All the economic engines appear to have stopped functioning rendering Thailand’s economic outlook the worst in 40 years, said Mr Thanawat Polvichai, director of the Economic and Business Forecast Centre of the University of Thai Chamber of Commerce.
The contraction of economic growth, the shrinking of export and domestic consumption, farm price slump and delayed disbursement of government’s spending budget have combined to make the private sector feel not confident with the state of the economy, he explained.

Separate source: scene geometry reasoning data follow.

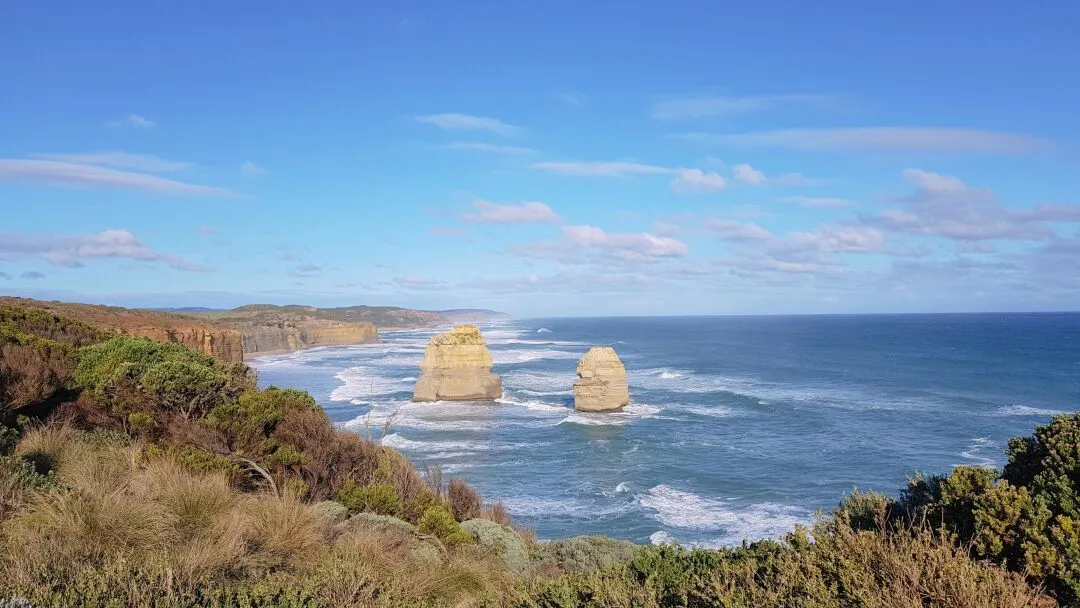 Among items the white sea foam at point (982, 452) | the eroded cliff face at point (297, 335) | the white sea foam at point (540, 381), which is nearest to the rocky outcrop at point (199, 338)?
the white sea foam at point (540, 381)

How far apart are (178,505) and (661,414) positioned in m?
38.3

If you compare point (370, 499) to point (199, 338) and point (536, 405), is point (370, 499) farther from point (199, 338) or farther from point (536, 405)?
point (536, 405)

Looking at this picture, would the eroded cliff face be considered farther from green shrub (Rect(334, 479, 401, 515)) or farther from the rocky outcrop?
green shrub (Rect(334, 479, 401, 515))

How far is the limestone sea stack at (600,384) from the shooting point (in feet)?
144

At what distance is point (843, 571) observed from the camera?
4488 mm

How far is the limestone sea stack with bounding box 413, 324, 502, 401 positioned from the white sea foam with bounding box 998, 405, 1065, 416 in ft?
113

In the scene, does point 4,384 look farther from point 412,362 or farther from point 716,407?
point 412,362

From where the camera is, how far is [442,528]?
400 inches

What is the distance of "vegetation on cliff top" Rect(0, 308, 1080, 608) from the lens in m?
4.41

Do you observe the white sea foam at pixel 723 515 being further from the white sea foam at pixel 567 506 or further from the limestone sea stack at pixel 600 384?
the limestone sea stack at pixel 600 384

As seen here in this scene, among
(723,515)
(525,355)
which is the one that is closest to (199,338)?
(723,515)

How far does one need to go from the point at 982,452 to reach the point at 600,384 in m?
21.2

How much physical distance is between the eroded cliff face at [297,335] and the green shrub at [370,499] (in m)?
80.5

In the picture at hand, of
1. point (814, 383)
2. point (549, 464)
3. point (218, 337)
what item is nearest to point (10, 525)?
point (549, 464) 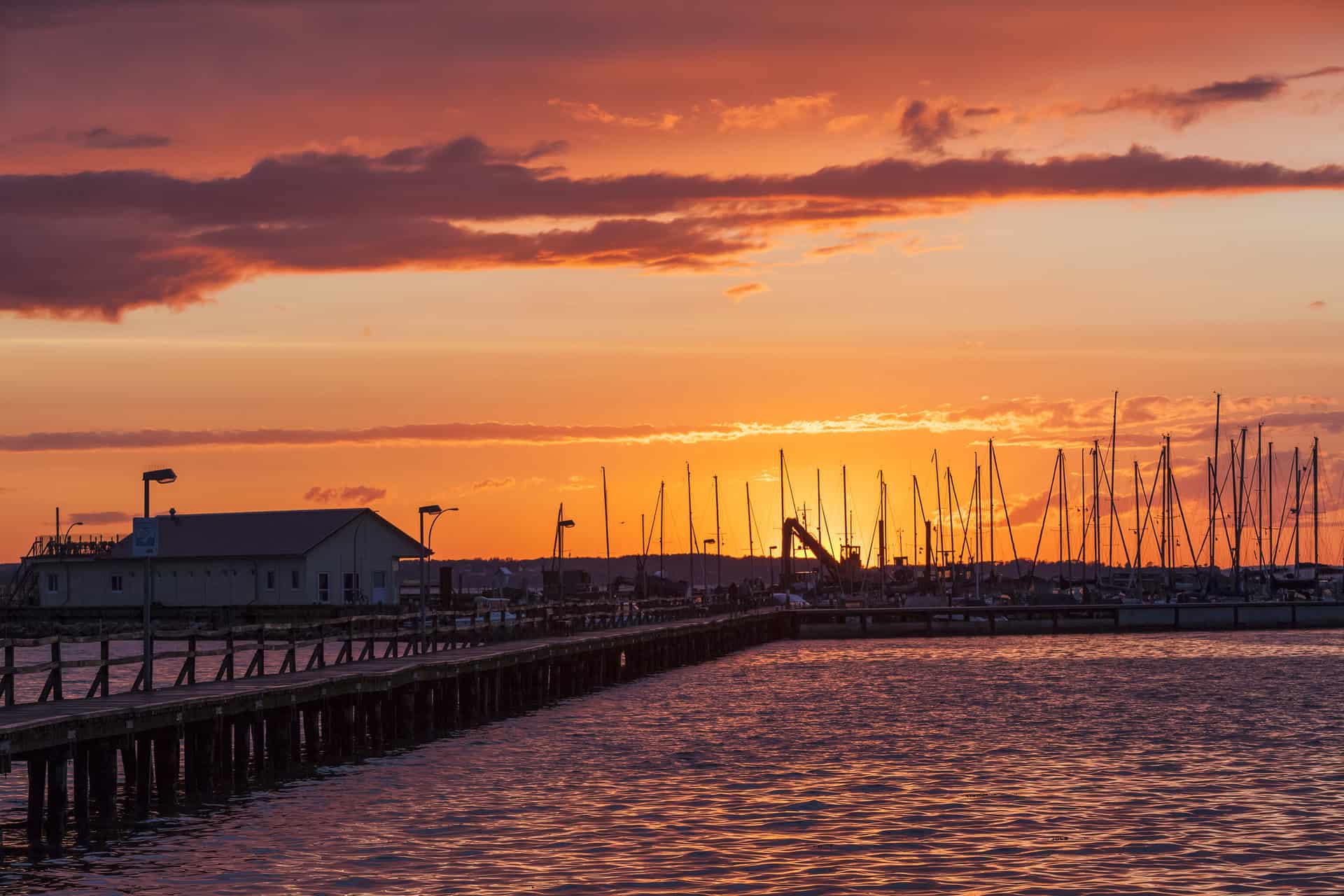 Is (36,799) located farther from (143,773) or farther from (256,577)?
(256,577)

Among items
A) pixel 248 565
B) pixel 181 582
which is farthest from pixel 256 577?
pixel 181 582

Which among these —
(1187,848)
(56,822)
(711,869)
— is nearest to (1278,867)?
(1187,848)

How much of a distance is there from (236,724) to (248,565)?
222 feet

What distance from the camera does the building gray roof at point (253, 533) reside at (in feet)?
331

Total export of the whole year which was earlier projected to grow by 4.1 percent has been revised down to 0.4 percent with 3.2 percent expansion of the industrial sector, 1.8 percent of consumption expansion and 3.6 percent growth of private sector’s investment.
With the exception of tourism sector which is projected to grow 13.7 percent with 28.8 million tourist arrivals.
Since economic growth is dependent on exports, the centre has painted three scenarios: if exports grow by 0.4 percent, the growth rate will be 3.2 percent; if export growth is zero, the economic growth rate will be 2.9 percent ; if export growth rate registers minus 1 percent, the economic growth rate will be 1.9 percent and if export growth is 1.5 percent, the GDP will be 4.1 percent.
Mr Thanawat said however that there is a slim chance that exports will pick up because Thailand’s major trading partners such as the European Union and Japan are experiencing economic slowdown.